まず、CPU100の一般的な構成について説明する。CPU100は、命令デコーダ12、レジスタファイル13及び演算装置14を有する。演算装置14は、FPU(Floating Point number processing Unit)17、LSU(Load Store Unit)18、及び、ALU(Arithmetic and Logic Unit)19を有する。CPU100は、例えば1チップに集積されている。図示するように、1つのCPU100が、ALU19とSIMD
ALU16を有する構成であることが特徴の1つである。
命令用メモリ21は、例えば、フラッシュメモリなどのEEPROMを実体とする不揮発メモリである。命令用メモリ21には、車載装置の制御用のプログラム、演算マップ、及び、OS(必ずしも必須ではない)等が記憶されている。

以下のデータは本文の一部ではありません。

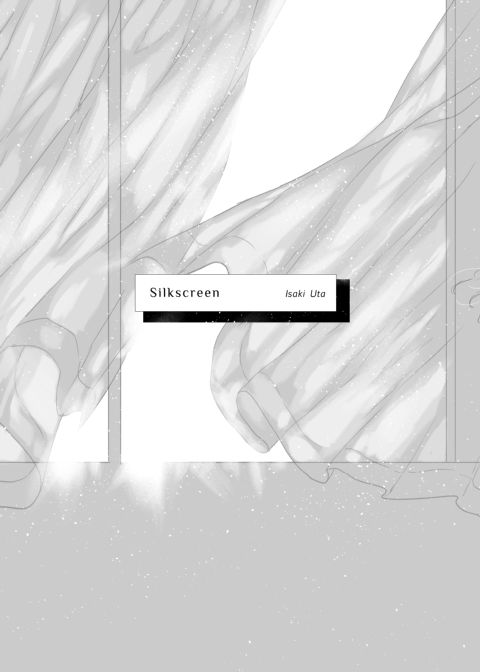 Silkscreen Chapter 1 page 8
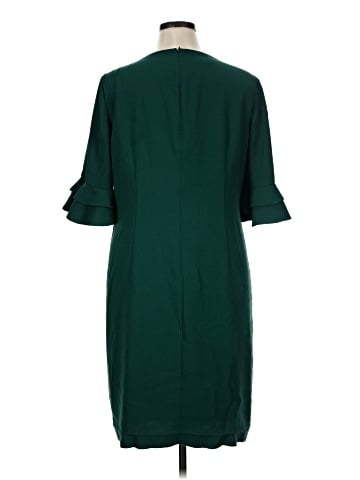 Hobbs London Casual Dress (view 2)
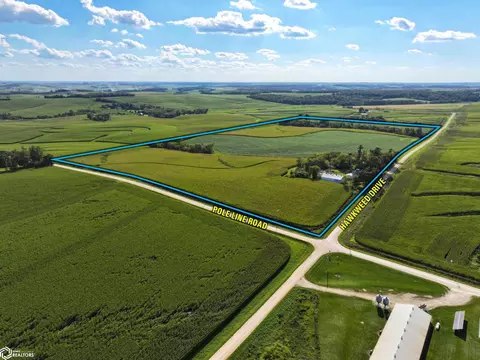 173 Hawkweed Dr, Postville, IA 52162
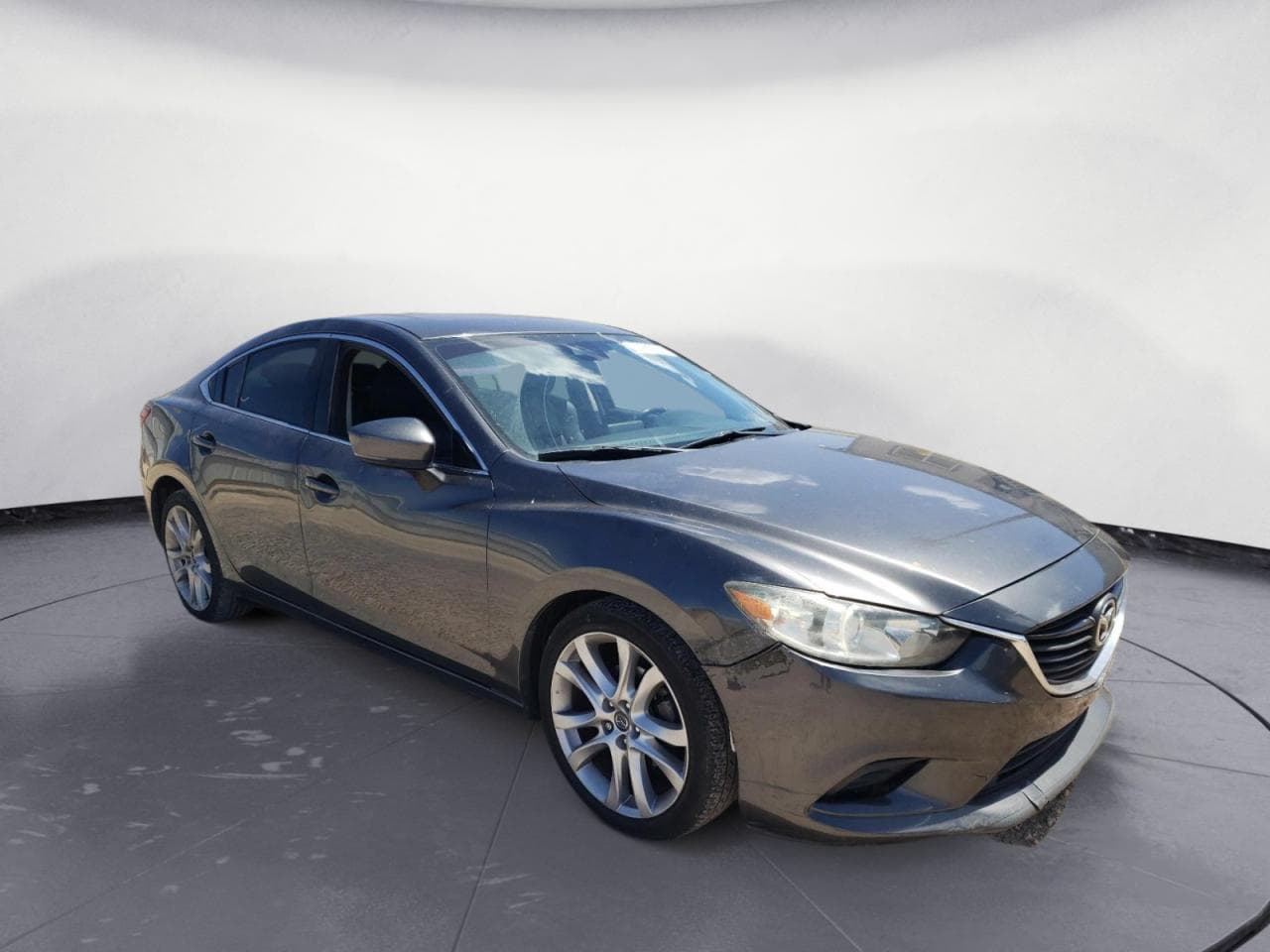 2017 Mazda 6 Touring - foto 4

命令デコーダ12は、不図示のPC(Program Counter)に記憶されたアドレスをアドレスバスに出力し、命令用メモリ21に記憶された命令コード(例えば、全長32bitの長さのオペコードとオペランド)を読み出す。そして、命令デコーダ12は、読み出した命令コードのオペコードに基づき命令を解読して演算の種類を特定すると共に、オペランドから1つ以上のソースオペランドやデスティネーションオペランドを解読する。なお、オペコードの位置は先頭bitを基準にnbitからmbitのように仕様として定められている。デコード結果(演算の種類、ソースオペランド、デスティネーションオペランド)は、レジスタファイル13に記憶される。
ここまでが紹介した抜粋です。